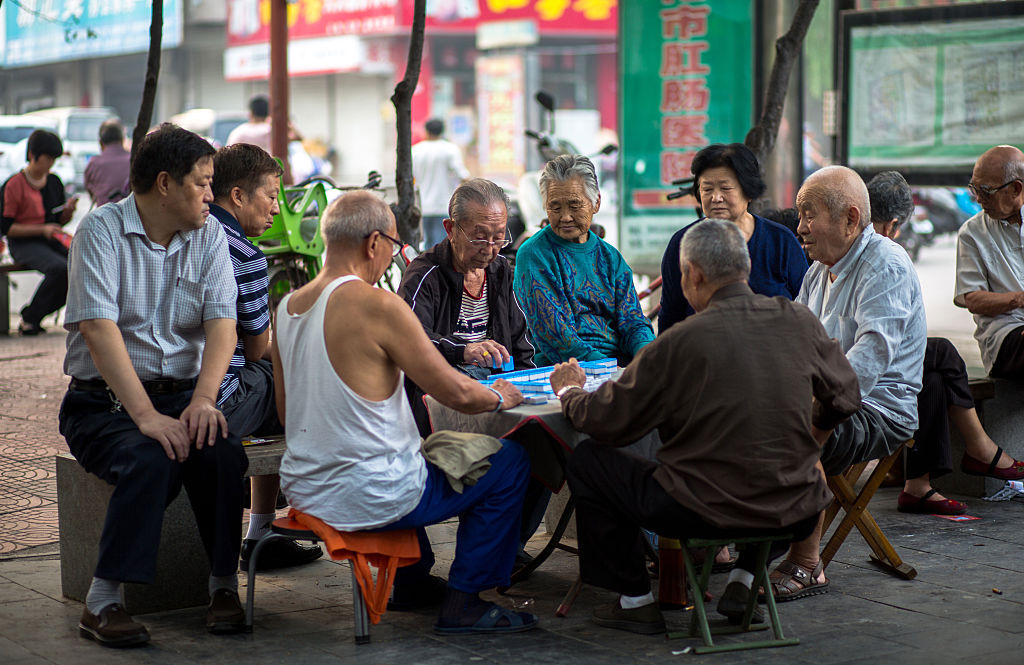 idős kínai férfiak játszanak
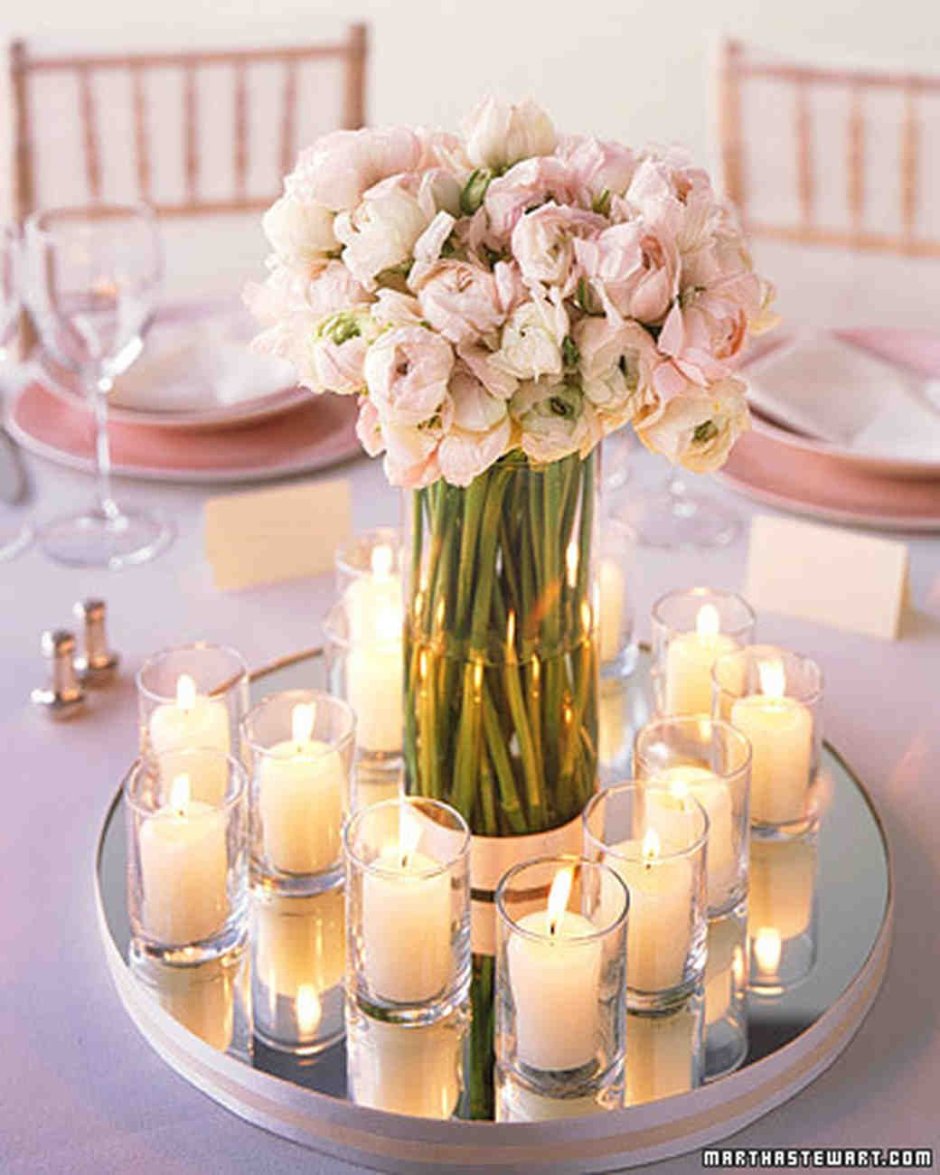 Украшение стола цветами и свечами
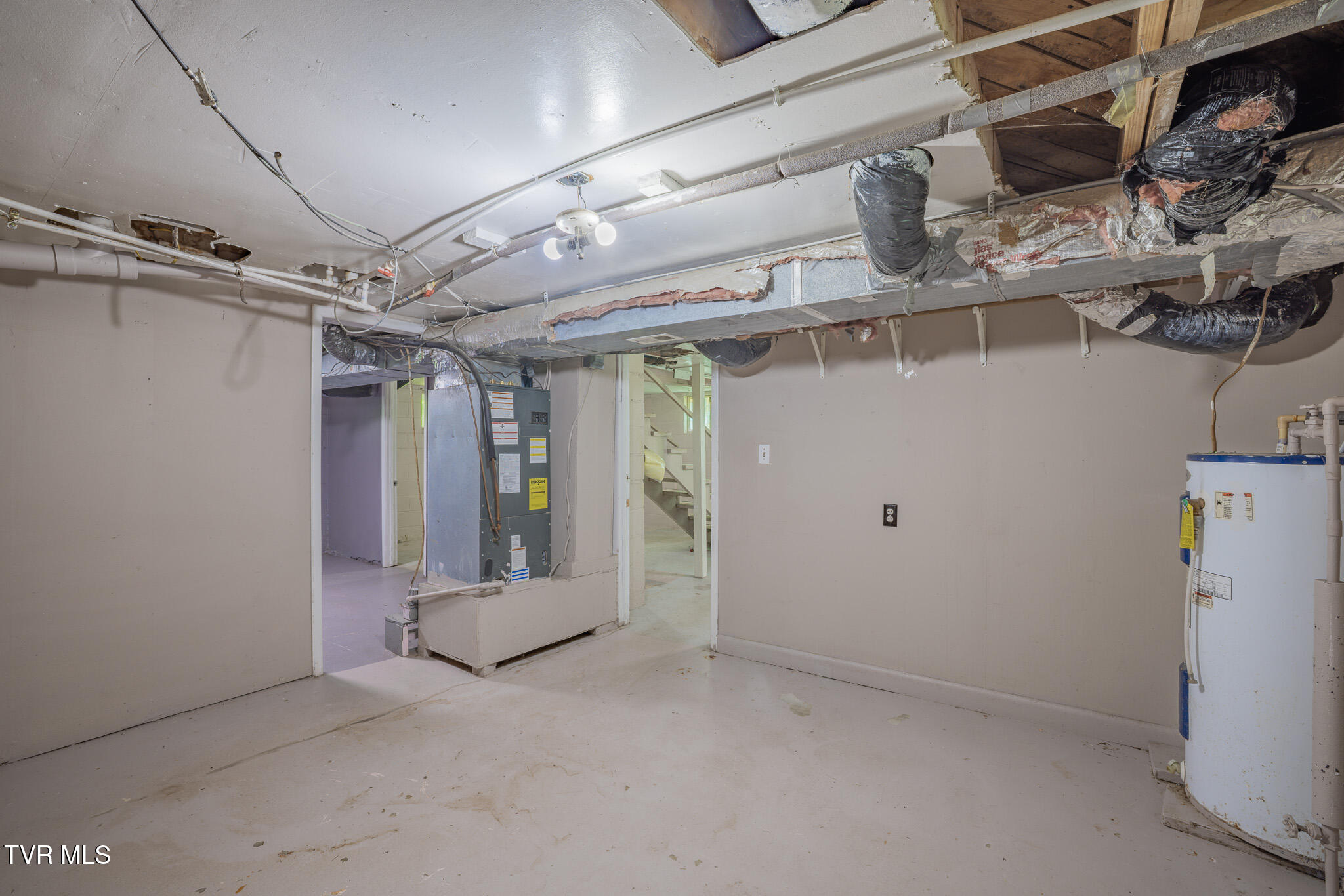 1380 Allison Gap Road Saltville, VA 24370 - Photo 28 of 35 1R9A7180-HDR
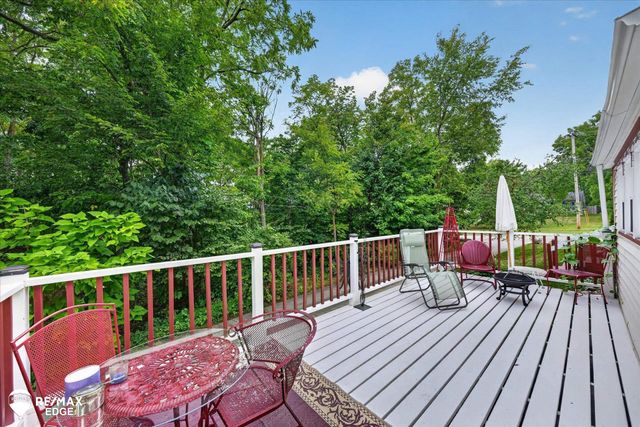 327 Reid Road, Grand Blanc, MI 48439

* Task item: Drop the images and copy all the data exactly.

* Reply:
 idős kínai férfiak játszanak
 Украшение стола цветами и свечами
 1380 Allison Gap Road Saltville, VA 24370 - Photo 28 of 35 1R9A7180-HDR
 327 Reid Road, Grand Blanc, MI 48439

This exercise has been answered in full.